Da cosa dipende? D’istinto si pensa ai tagli alla sanità pubblica, che h anno costretto molti anziani a curarsi di meno, saltare alcuni cicli di cure, evitare una serie di analisi di prevenzione e cura. Quanto fosse compromessa la salute della popolazione ce ne eravamo accorti da tanto tempo e un servizio sanitario pubblico diventato problematico nella sua capacità di ricezione è solo il terminale di problematiche più articolate, che vanno dall’inquinamento imposto per legge – vedi inceneritori, case automobilistiche, alimentazione insalubre da multinazionali etc – per non anticipare quali picchi di morti si raggiungeranno quando sarà attivo l’accordo USA-Europa (TTIP) che darà nelle mani delle multinazionali tutte le nostre condizioni di vita, dall’agricoltura alla sanità. Forse la stessa OMS che ci consiglia di combiare stili di vita, a iniziare dall’alimentazione, non è al corrente, come la maggioranza delle popolazioni europee tenute all’oscuro, di questo accordo mortale.

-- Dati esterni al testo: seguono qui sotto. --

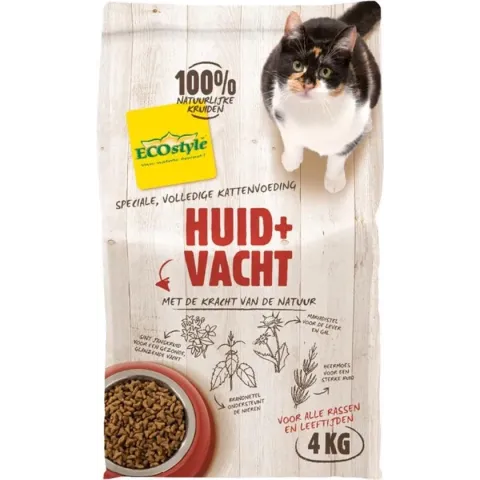Ecostyle huid & vacht - gevogelte - kattenvoer - 4 kg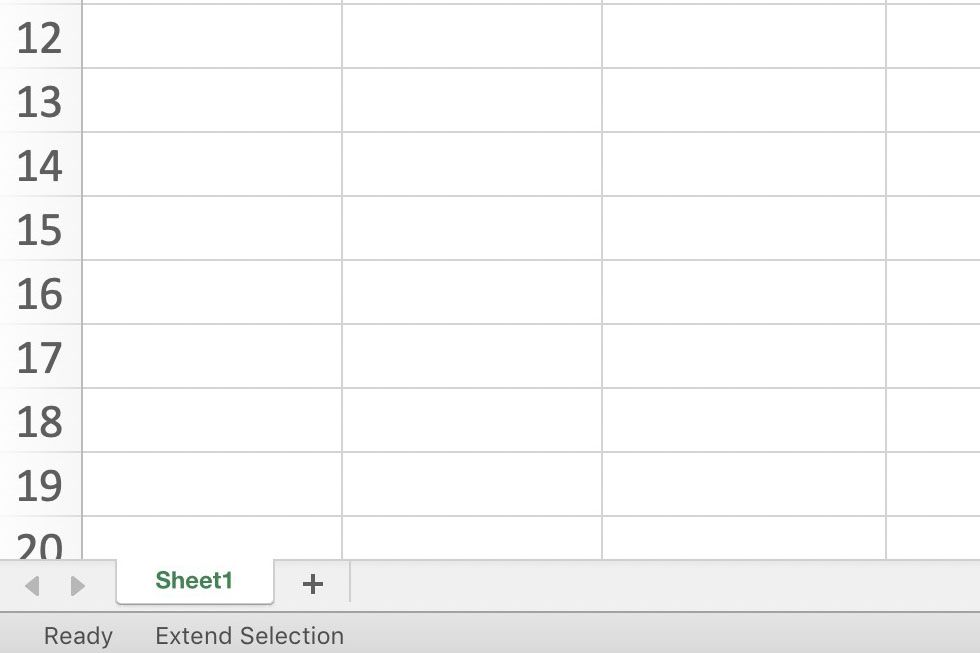 Schermafbeelding van Excel met de status Selectie uitbreiden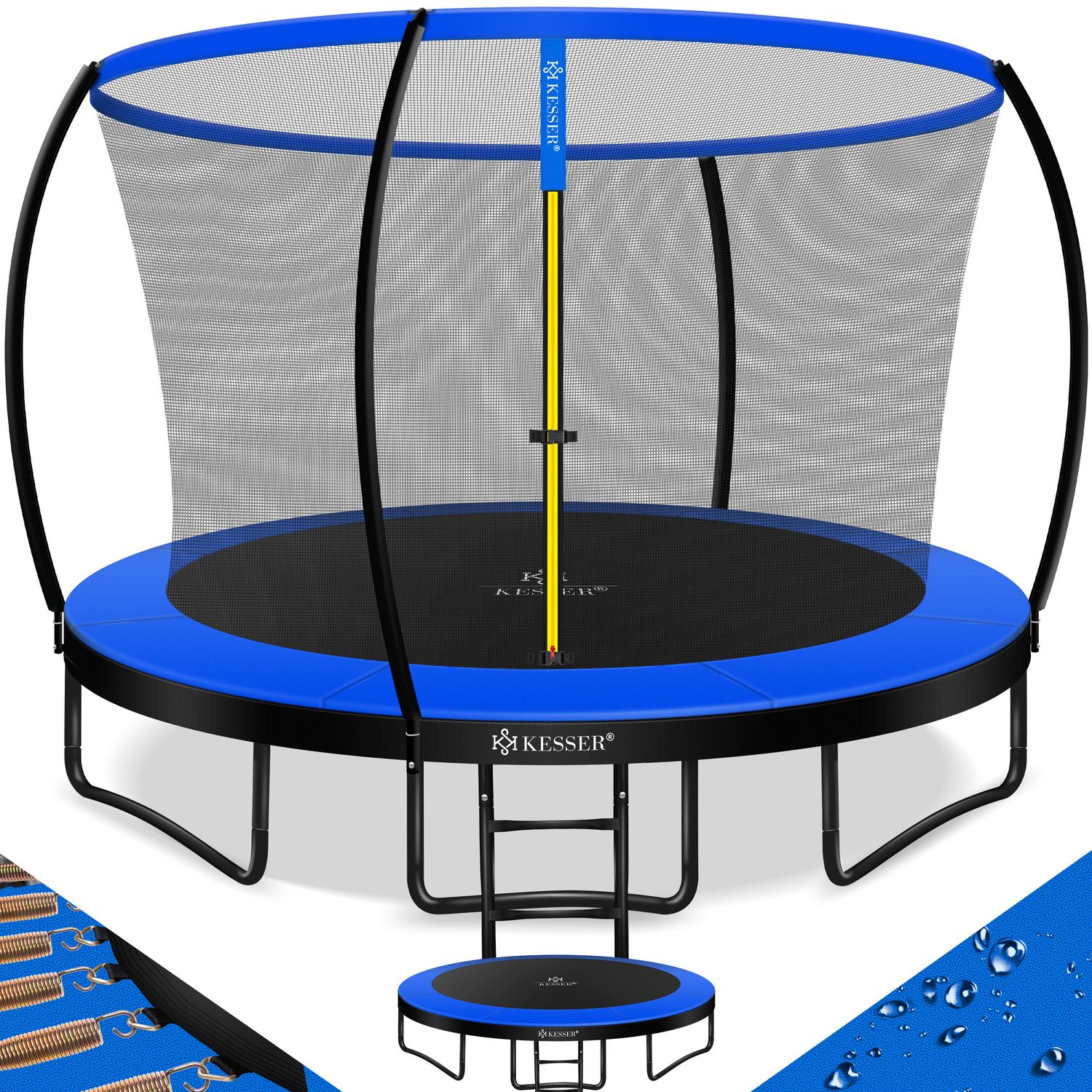 KESSER&reg; Trampolin Gartentrampolin | T&Uuml;V Rheinland GS Zertifiziert | Kindertrampolin bis 150 kg | Komplettset mit Sicherheitsnetz, Leiter, Randabdeckung, Seitentasche & Zubeh&ouml;r - Bild 1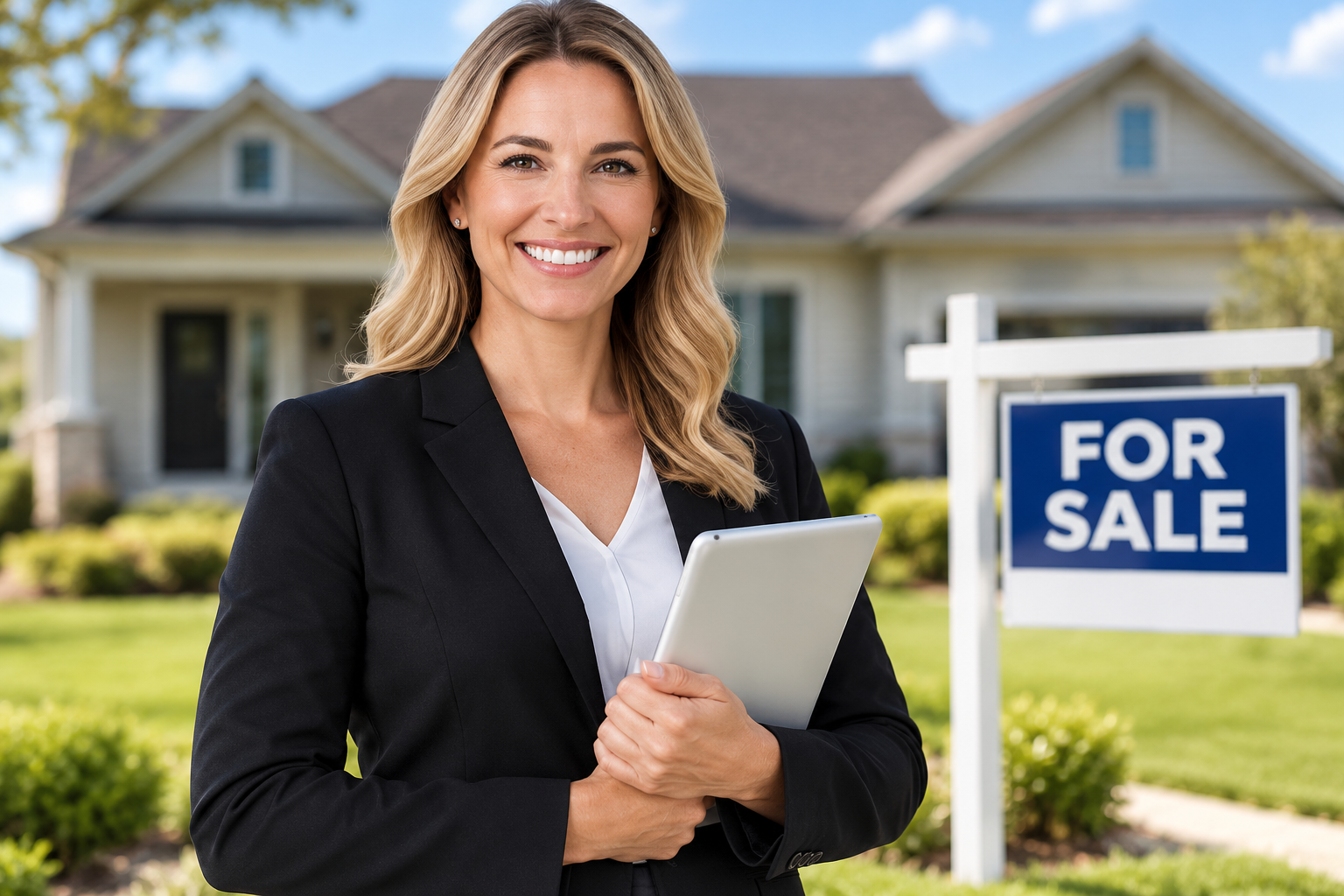 Smiling real estate agent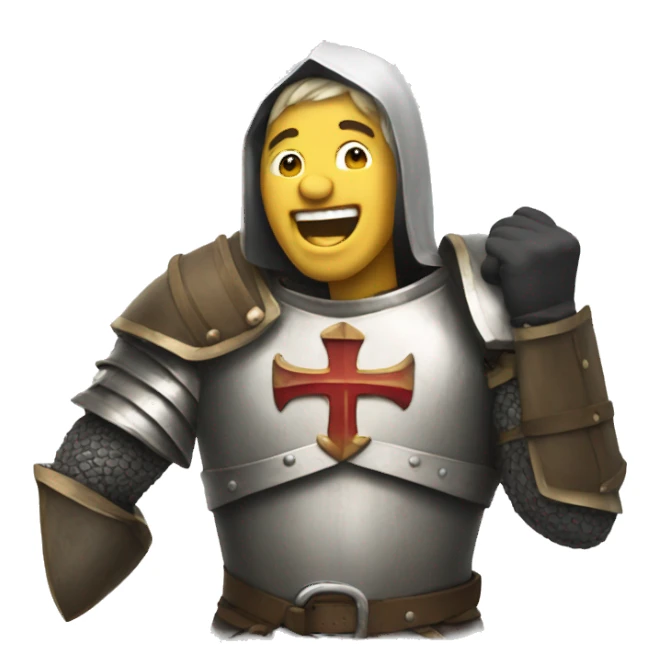 A crusader laughing out loud sticker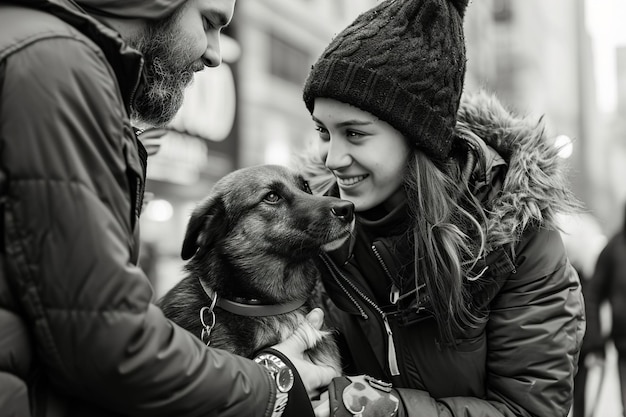 Foto una giovane donna abbraccia un cane per strada in una grande città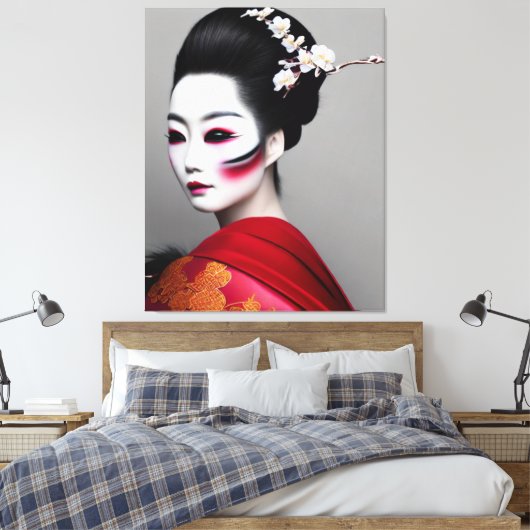 Geisha Canvas Print Leinwanddruck (Insitu (Schlafzimmer))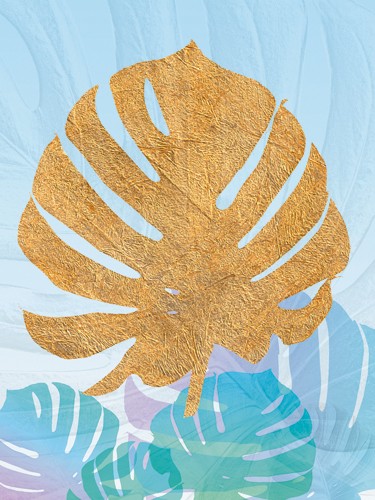 SARA Design, Goldnes Sommerblau II (Pflanze, Blatt, Abdruck, dekorativ, floral, Schlafzimmer, Treppenhaus, Wohnzimmer, gold/bunt)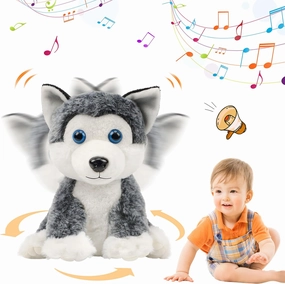 Hopearl Talking Plush Husky Singing Headbanging Dog Toys for Kids Repeat What You Say, Dancing Circle Interactive Animated Toy Gifts for Toddlers, Gray, 10''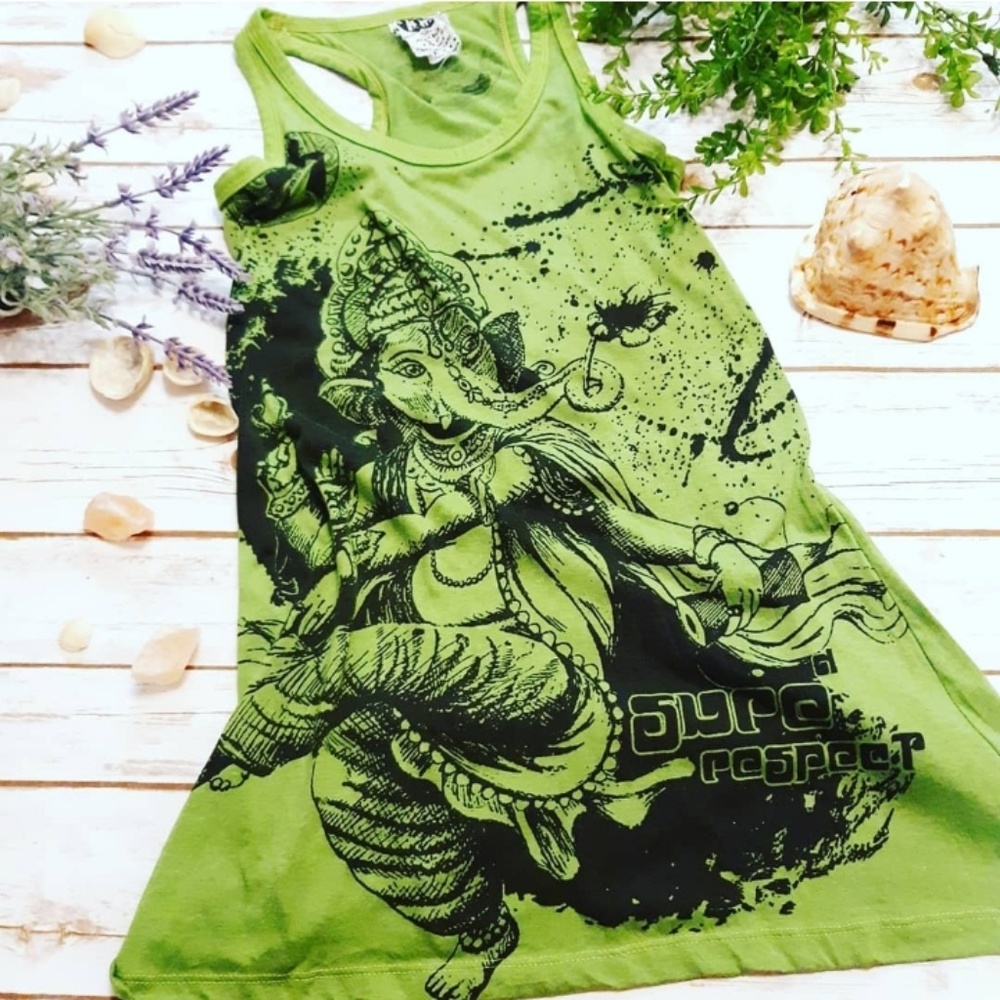 90s Thailand Buddha Elephant Yoga Tunic Tank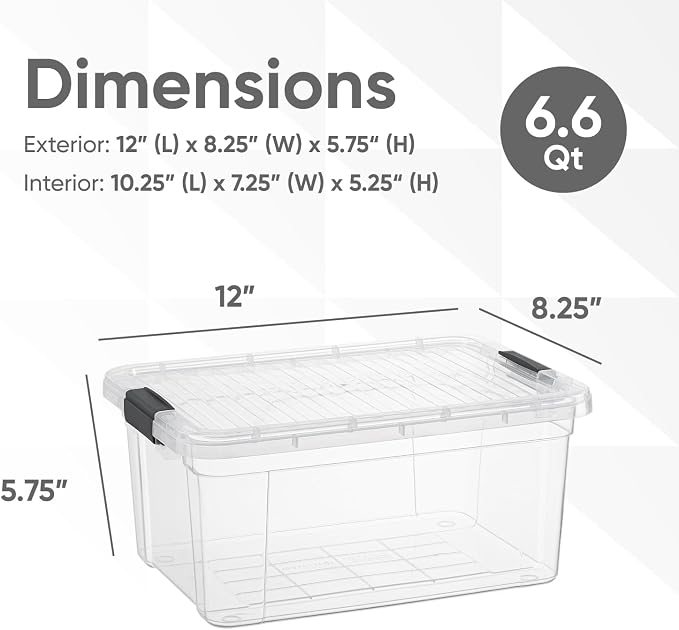 Superio 6.6 Quart Clear Plastic Storage Boxes with Lids, Stackable Organizer Containers, BPA-Free Storage Bins for Home, Office, School & Dorm, 10 Pack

Anche su questa prospettiva, che noi comunisti abbiamo chiamata liberista (libertà di vita e di morte) c’è il silenzio e l’immobilismo pre coma dei sindacati, nonostante gli inviti espliciti del governo e del suo sistema d’informazione, a “morire al più presto possibile”. La domanda è ineludibile, a quando una rifondazione del sindacato?

La risposta è dovuta, obbligata dal rapporto stabilito con la nostra delega mensile a rappresentarci. E’ in gioco la nostra condizione di vita, e non solo quella lavorativa.